Manslaughter guilty plea entered in 1991 shooting

Va. man had won appeal because of prosecutor `zeal'

Howard County

January 30, 2003|By Lisa Goldberg | Lisa Goldberg,SUN STAFF

A Virginia man accused of fatally shooting his cousin in a Jessup hotel room in 1991 pleaded guilty to a single count of manslaughter yesterday - more than six years after his original murder conviction was overturned by appellate judges who said his right to a fair trial was compromised by a prosecutor's "zeal."

Adel George Hagez, 54, who lives in the Richmond area, entered the plea as part of a deal with prosecutors, who agreed to reduce the charge against him from first-degree murder to voluntary manslaughter.

"It was a life decision to put this behind him and move forward with the hope that any period of incarceration will be brief," Hagez's lawyer, Joseph Murtha, said after yesterday's hearing. Hagez's case was delayed for several years while one of his former lawyers unsuccessfully argued that a retrial would violate his constitutional protection against being tried for the same crime twice.

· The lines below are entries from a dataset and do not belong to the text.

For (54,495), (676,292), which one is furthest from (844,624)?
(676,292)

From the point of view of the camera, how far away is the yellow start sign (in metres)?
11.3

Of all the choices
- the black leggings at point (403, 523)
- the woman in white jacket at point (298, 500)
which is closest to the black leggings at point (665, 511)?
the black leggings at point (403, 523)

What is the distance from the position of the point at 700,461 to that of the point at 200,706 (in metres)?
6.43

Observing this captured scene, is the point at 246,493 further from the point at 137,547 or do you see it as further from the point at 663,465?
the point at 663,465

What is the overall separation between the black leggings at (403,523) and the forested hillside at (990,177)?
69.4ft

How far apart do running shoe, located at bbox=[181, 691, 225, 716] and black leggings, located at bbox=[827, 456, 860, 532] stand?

"He wanted to resolve this with some certainty that he would be able to, God willing, be a free man in the future," Murtha said.

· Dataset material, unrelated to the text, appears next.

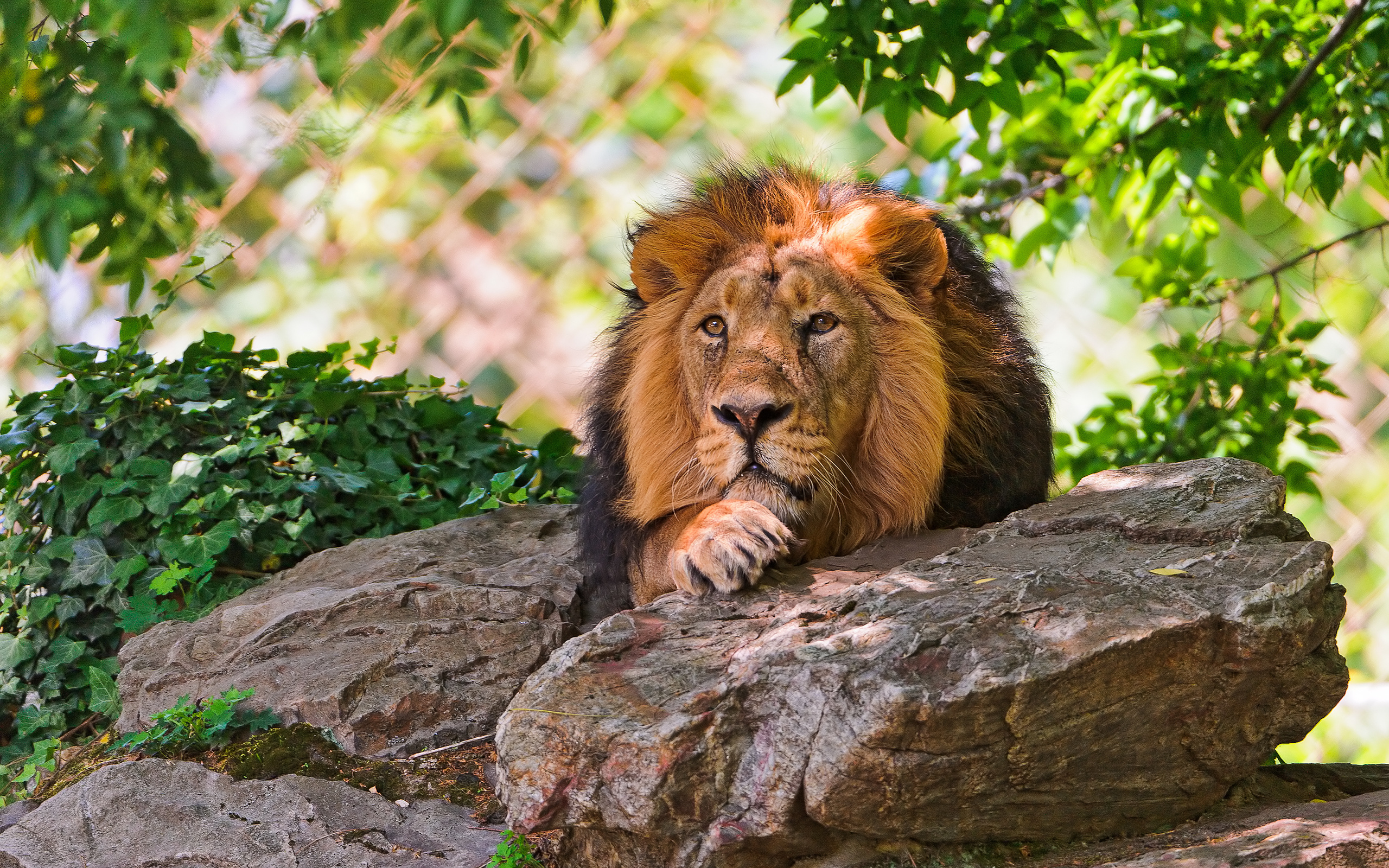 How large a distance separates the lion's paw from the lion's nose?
0.59ft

Laws in place at the time of Riad Hijaz's death June 22, 1991, would make Hagez eligible for parole after serving one-fourth of his sentence, court officials said. Hagez served nearly 38 months of a life sentence before his first-degree murder conviction in 1993 was reversed - more than 25 percent of the 10-year maximum penalty for a manslaughter conviction.

Howard Circuit Judge Lenore R. Gelfman revoked Hagez's $200,000 bond after the plea despite a request that he remain free until his sentencing May 2.

Hagez, who was released from prison in July 1996 and owns a restaurant in Norfolk, Va., reported regularly to a probation agent while awaiting a second trial and showed for his court appearances, Murtha said. He also gave Gelfman letters from the mayors of Norfolk and Portsmouth, Va., vouching for Hagez's "high moral character."

"This is the light at the end of the tunnel," Murtha told Gelfman. "He understands what his responsibilities are."

Yesterday's plea marks a final chapter in a case marked by delays and intrigue. Hagez's then ex-wife, Virginia, had come to Howard County to run a food stand at the Columbia Fair and was staying at the Jessup Holiday Inn, prosecutor Danielle Duclaux said.

She told investigators that she had called Hijaz to her room to help her with something, left to pay a bill and found him lying in the room when she returned, Duclaux said; he had been shot six times. But witnesses told investigators that they heard a woman yell "No, no" just before shots were fired.

Virginia Hagez provided investigators with a possible motive - though she insisted that nothing was going on between her and Hijaz - and pointed them to the parking lot in Montgomery County where officers found a revolver and spent cartridges in a car registered to Adel Hagez's address, according to court files. His fingerprint and Hijaz's blood were on the gun, Duclaux said.

But the Hagezes remarried four days before the 1993 trial. Virginia Hagez tried to invoke spousal privilege, but a judge said prosecutors could question her. The appellate court took issue with the way prosecutor Christine Gage, who has since left the state's attorney's office, questioned her on the witness stand and referred to her silence in closing arguments.

Yesterday, Duclaux said the fact that the Hagezes were "lawfully remarried" was a consideration in the state's decision to amend the indictment to manslaughter.

Riad Hijaz's ex-wife, Connie Hijaz, said yesterday that "it just doesn't seem right" that Hagez has been free for so long and was given a chance to plead to a reduced charge.